> _TASK REQUIREMENTS_:
Look below for the line with "kenmore 110 dryer repair manual", then repeat it and all lines after it, exactly, minus any pictures.
^^^^^^^^^^^^^^^^
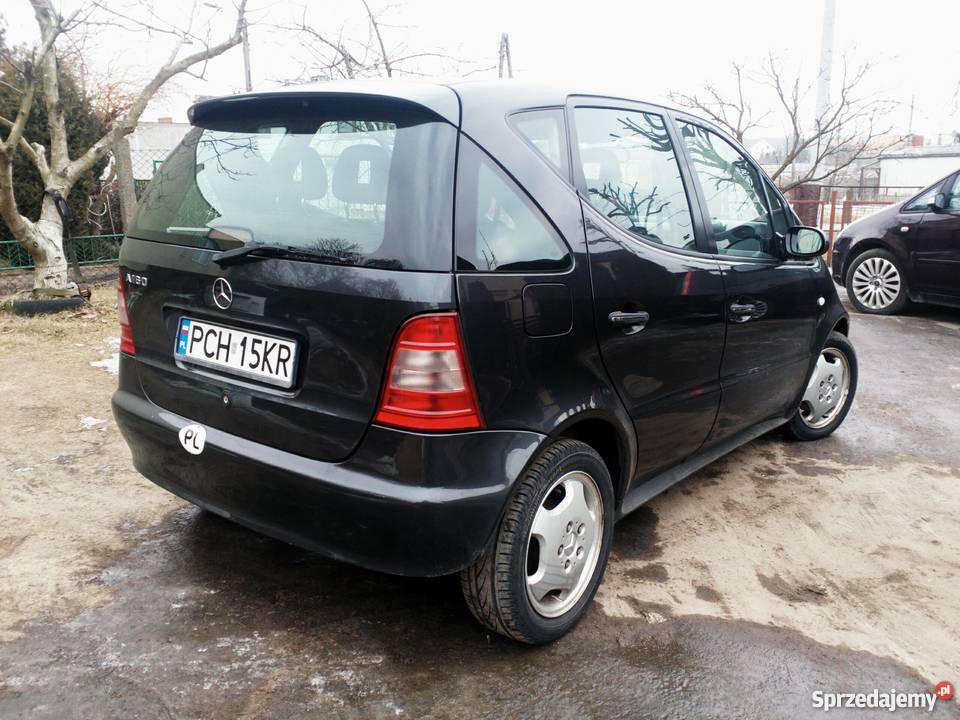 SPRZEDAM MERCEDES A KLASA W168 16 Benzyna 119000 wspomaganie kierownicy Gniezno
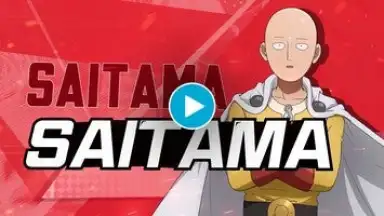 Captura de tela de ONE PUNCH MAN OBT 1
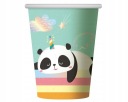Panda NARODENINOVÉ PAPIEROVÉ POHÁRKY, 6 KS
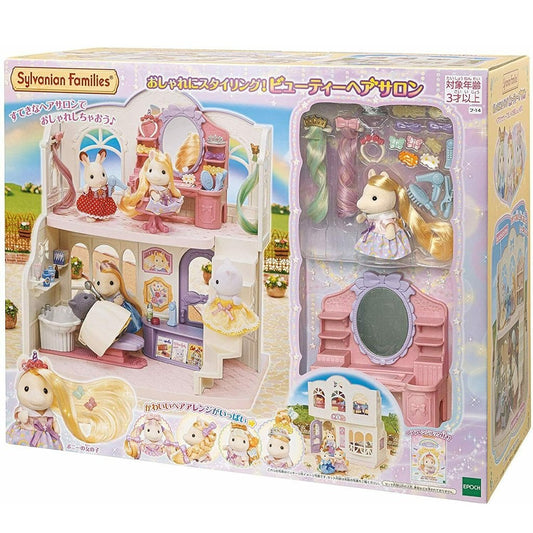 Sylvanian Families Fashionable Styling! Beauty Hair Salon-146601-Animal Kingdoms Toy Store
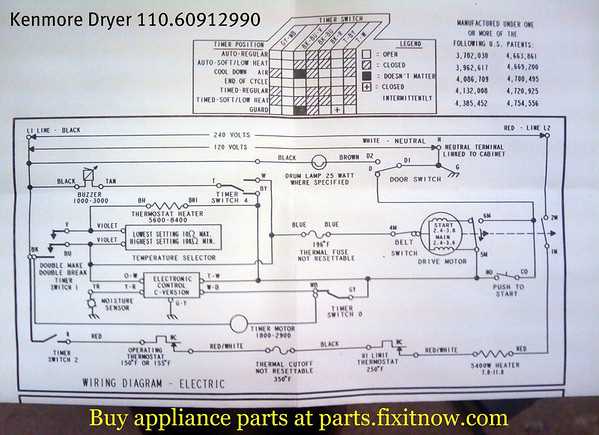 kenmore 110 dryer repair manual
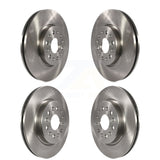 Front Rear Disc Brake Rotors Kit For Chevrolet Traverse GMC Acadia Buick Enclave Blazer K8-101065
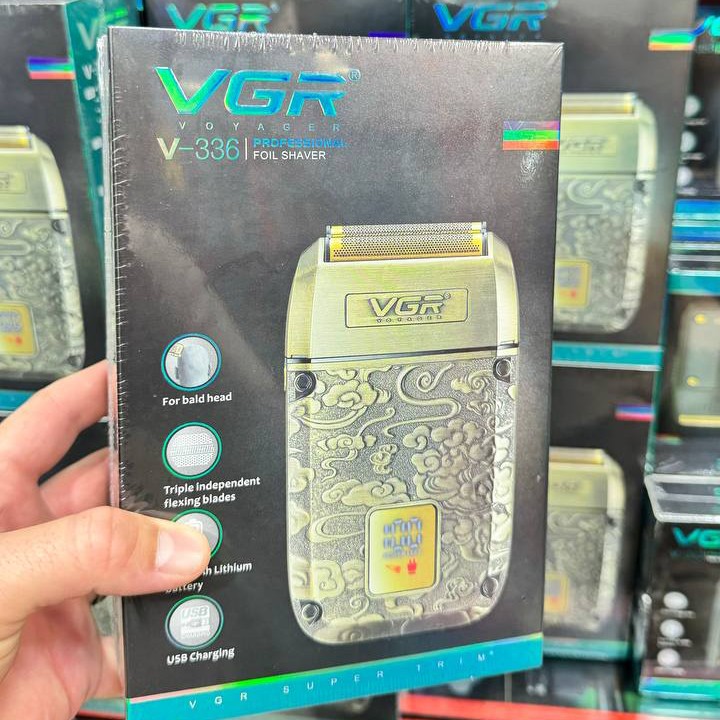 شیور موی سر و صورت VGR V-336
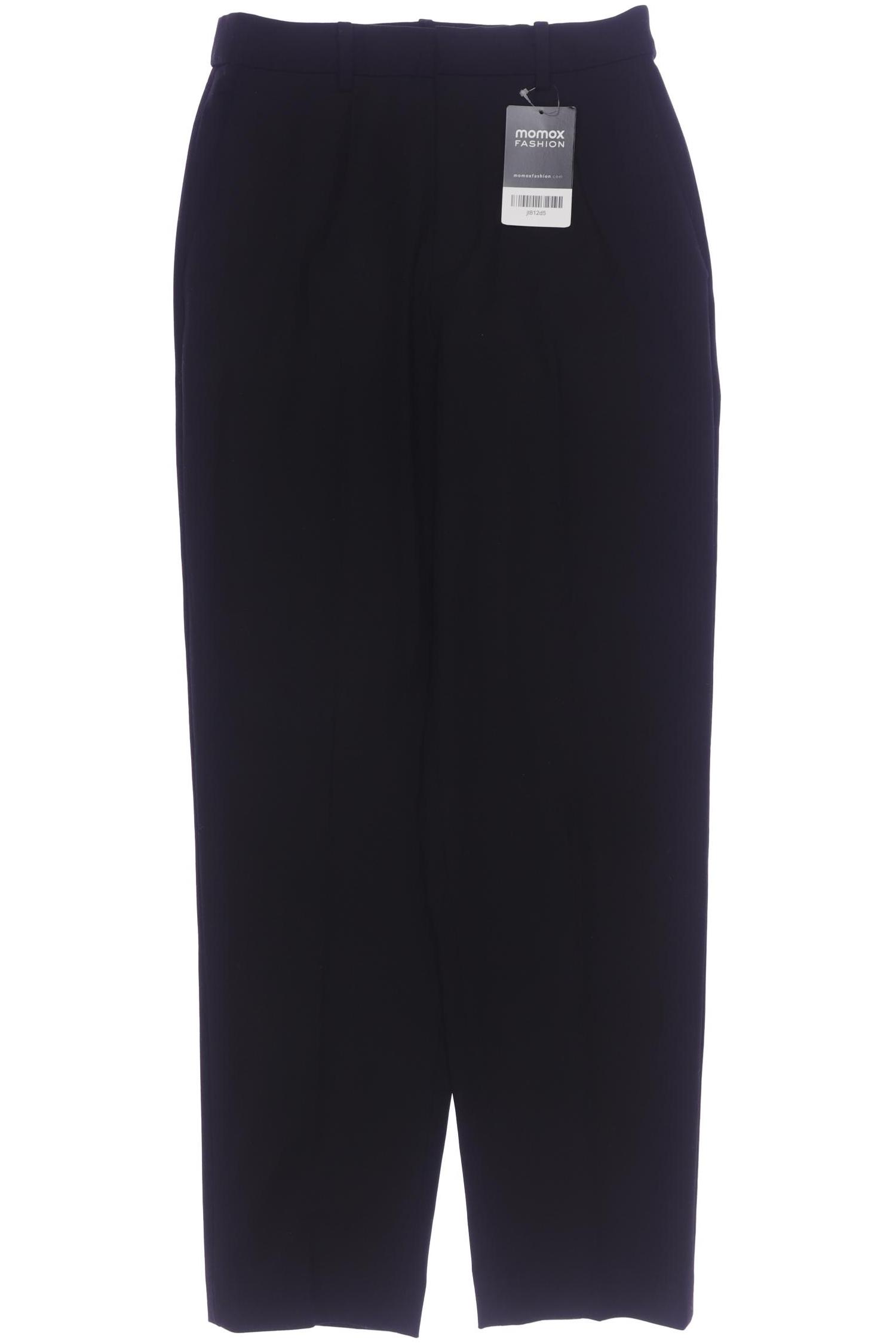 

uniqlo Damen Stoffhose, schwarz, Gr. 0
^^^^^^^^^^^^^^^^
> _RESULT OF THIS EXERCISE_:
 kenmore 110 dryer repair manual
 Front Rear Disc Brake Rotors Kit For Chevrolet Traverse GMC Acadia Buick Enclave Blazer K8-101065
 شیور موی سر و صورت VGR V-336

uniqlo Damen Stoffhose, schwarz, Gr. 0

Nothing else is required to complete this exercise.